#### [What you should do]
Set the listing down again exactly, please, apart from its pictures.

#### [Stored data]
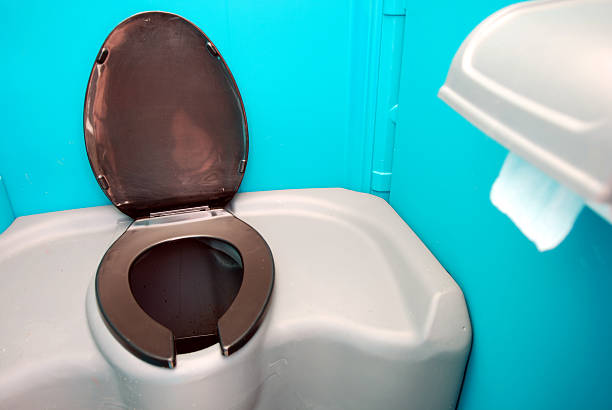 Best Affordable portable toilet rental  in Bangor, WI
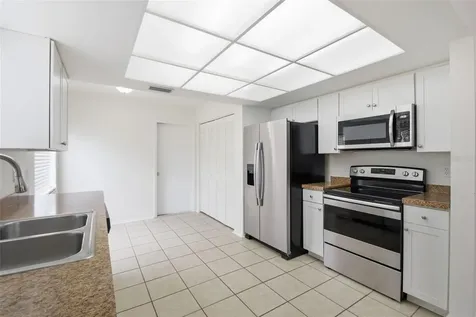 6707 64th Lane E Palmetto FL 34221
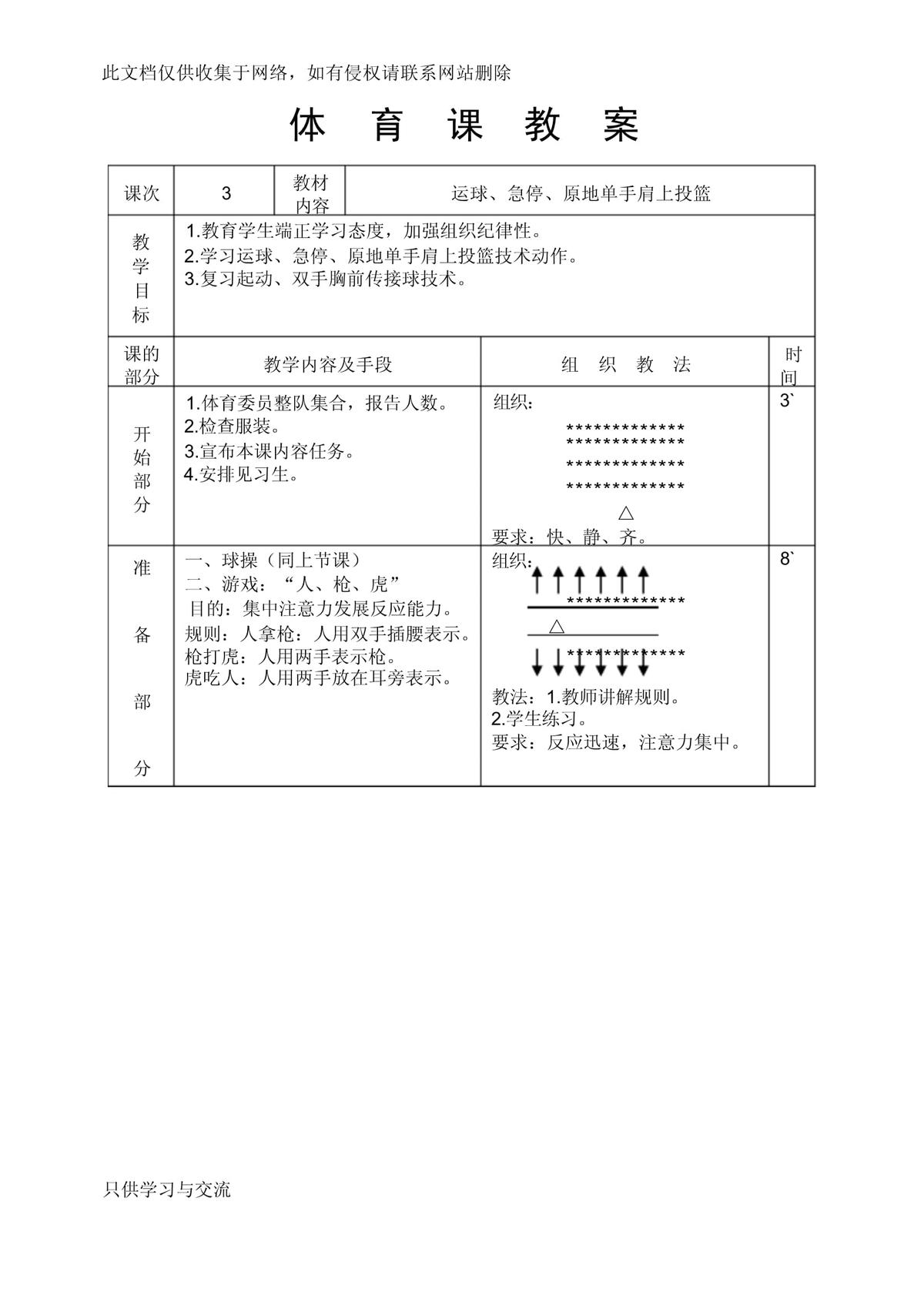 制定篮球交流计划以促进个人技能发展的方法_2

#### [Output of the exercise]
 Best Affordable portable toilet rental  in Bangor, WI
 6707 64th Lane E Palmetto FL 34221
 制定篮球交流计划以促进个人技能发展的方法_2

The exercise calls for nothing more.